He didn't win hearts and minds in Vietnam, but Robert McNamara won a warm
if not forgiving welcome in another republic that once reviled him as a
war-mongering demon -- Berkeley.
The anti-war city is buzzing with talk about the 87-year-old former defense
secretary's sold-out appearance Wednesday night at Zellerbach Hall, where
he railed against nuclear arms and, for the first time, admitted to fellow
Americans what he has long refused to say -- that he condemns the Bush
policy in Iraq.
Although McNamara is a Cal grad, it was his first public appearance in
Berkeley, where bitter memories remain vivid of his waging the Vietnam
War in the Kennedy and Johnson administrations, a conflict that killed
more then 2 million Vietnamese and 58,000 Americans.
Among those applauding in the 2,089-seat hall was Daniel Ellsberg, the
defense department defector who blew the whistle on U.S. government deception
in Vietnam when he released the Pentagon Papers.

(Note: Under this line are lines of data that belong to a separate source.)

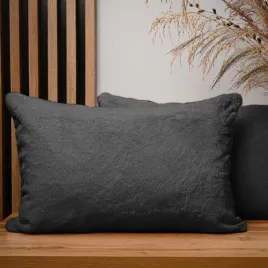 dekoracyjna-poszewka-na-poduszke-40x60-cm-grafitowy-z-imitacji-futra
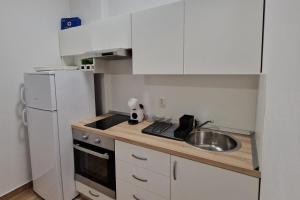 2 Bed Apartmani Sleeps 6 - Free Parking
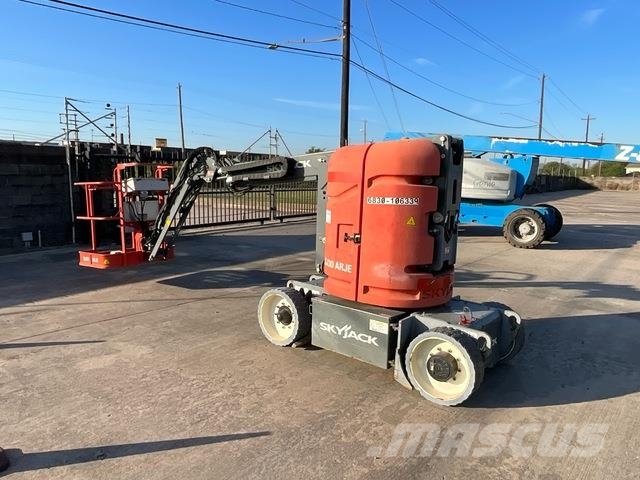 SkyJack SJ30 ARJE Коленчатые подъемники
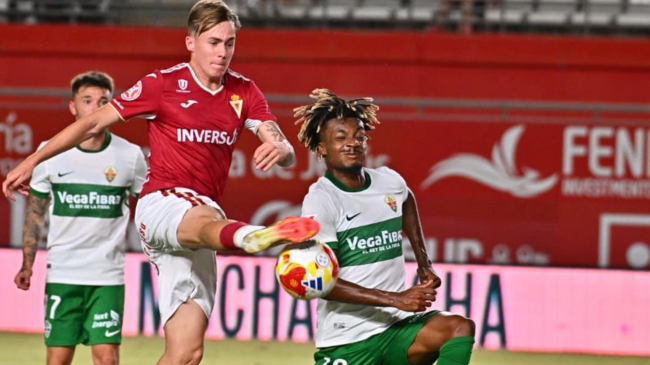 Partido entre Real Murcia contra el Elche. | Foto: cuenta X Real Murcia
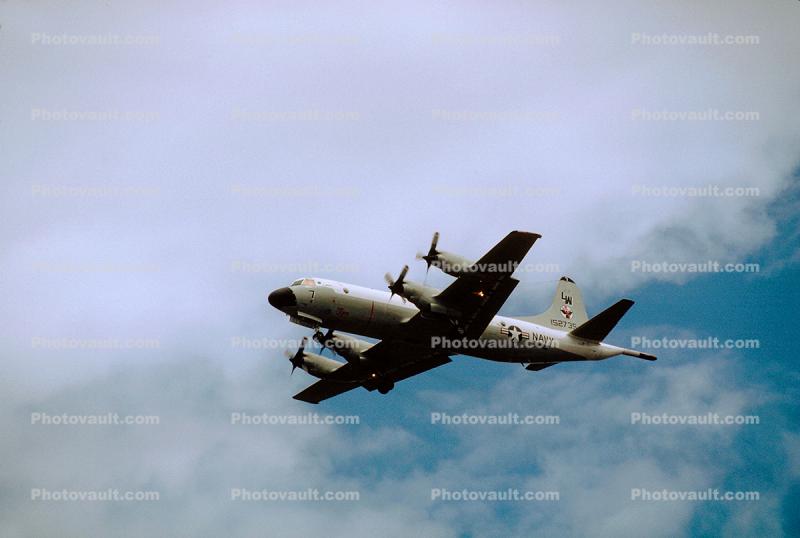 152735, P-3 Orion in flight, USN, United States Navy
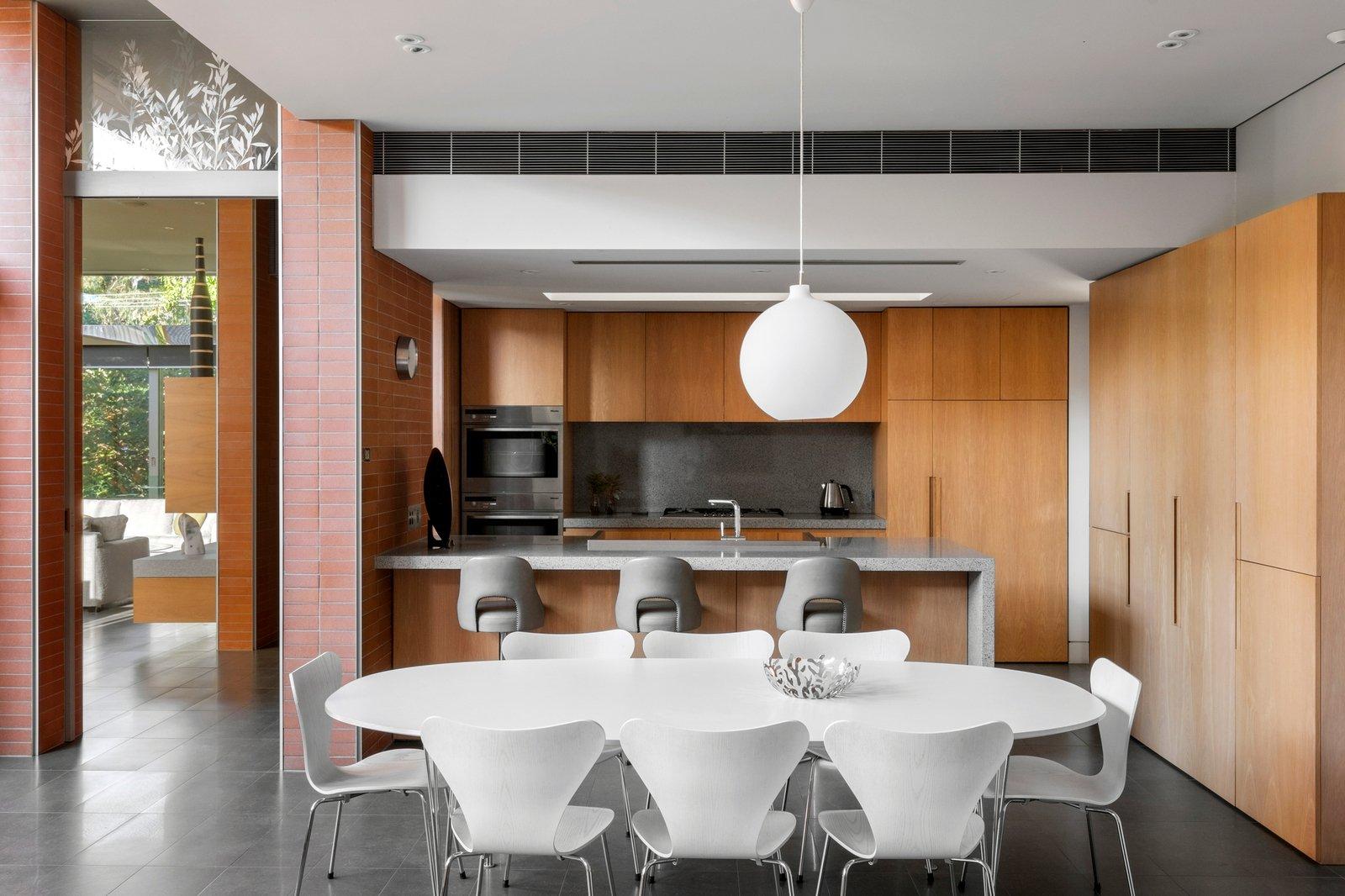 7 Blackfriars Close, Toorak, 3142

"I think I started some of the applause when he talked about nuclear
weapons," said Ellsberg, who lives in Berkeley. "He's one of
the very few establishment people who make that point."
McNamara, who spoke in forceful, self-assured tones often punctuated
by jabs with his pen in the air, urged broad public debate on nuclear
weapons policy and, to hearty applause, exhorted the crowd to not lose
hope on averting the horror of war: "Don't give up! You as individuals
can do something about it."
But Ellsberg strongly objected to McNamara's justification for not speaking
out against a war in progress. Although McNamara said the Vietnam War
was wrong 20 years after the fact in his 1995 book, "In Retrospect:
The Tragedy and Lessons of Vietnam," he says he refused to voice
his misgivings at the time for the same reason he doesn't want to speak
now about the Iraq invasion and occupation -- to avoid risking American
lives.
Ellsberg said McNamara's silence, as well as his own, from 1964 through
1967 "condemned tens of thousands of American soldiers to death and
more than a million Vietnamese."
McNamara said 173 reporters have asked him to comment on Bush's policy
in Iraq, and that he told them, "I think it's irresponsible for an
ex-secretary of defense to comment ... when hundreds of thousands of Americans
are at risk and when he's engaged in the most delicate negotiations with
the United Nations."
But moderator Mark Danner, a journalist who teaches at Cal, prodded McNamara
on a recent interview he gave the Toronto Globe and Mail in which he said
the United States is fighting a totally unnecessary war that has managed
to destroy important relationships with potential allies.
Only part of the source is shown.